▶ [Exercise aim] Go through the data below and copy it exactly, skipping every picture.

▶ [Dataset section]

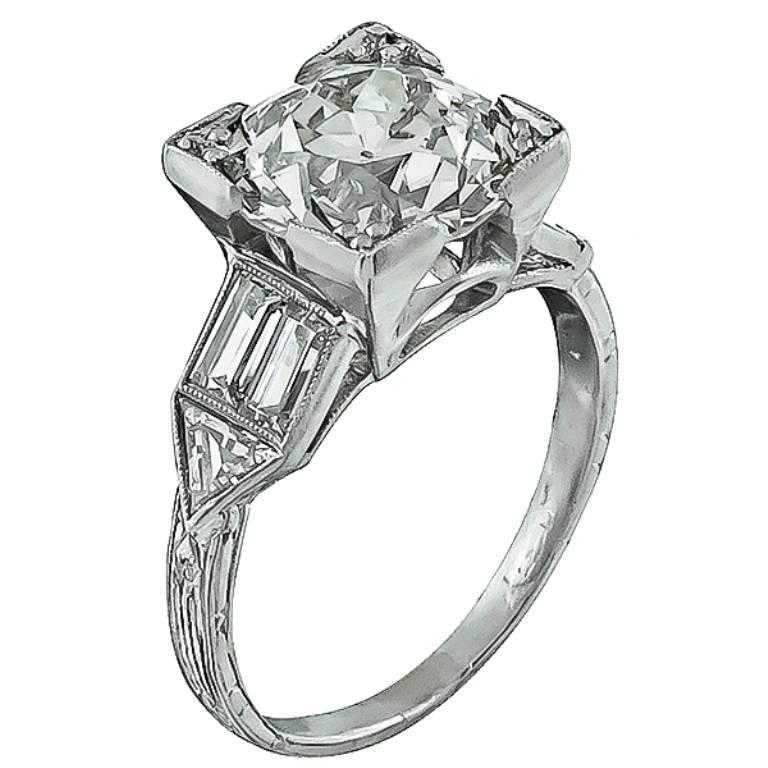 This stunning platinum engagement ring from the Art Deco era,  is centered with a sparkling EGL certified old European cut diamond that weighs 2.65ct. graded J-K color with VS2 clarity. Accentuating the center stone are high quality baguette and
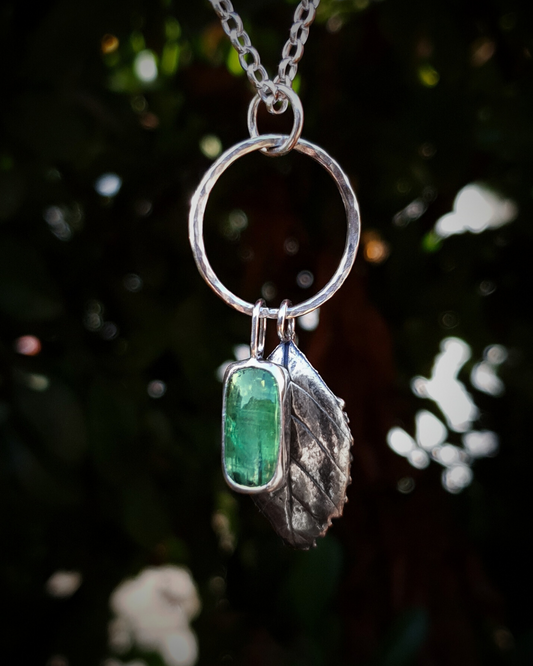 Silver necklace with a solid silver leaf and mint green stone pendant hang from a silver circlet against a blurred natural background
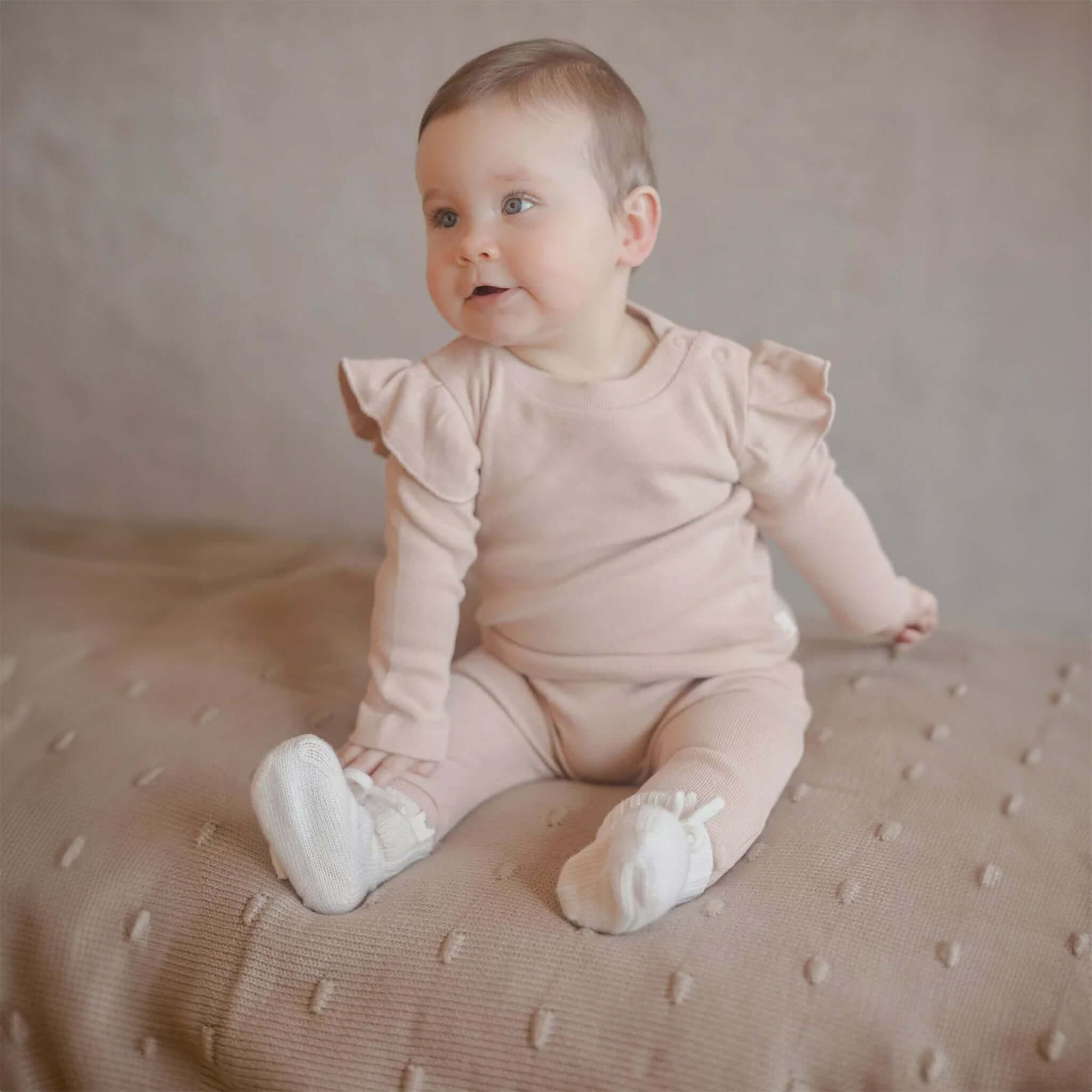 Baby trägt Baby-Hausschuhe aus Merinowolle in Creme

▶ [Problem solution]
 This stunning platinum engagement ring from the Art Deco era,  is centered with a sparkling EGL certified old European cut diamond that weighs 2.65ct. graded J-K color with VS2 clarity. Accentuating the center stone are high quality baguette and
 Silver necklace with a solid silver leaf and mint green stone pendant hang from a silver circlet against a blurred natural background
 Baby trägt Baby-Hausschuhe aus Merinowolle in Creme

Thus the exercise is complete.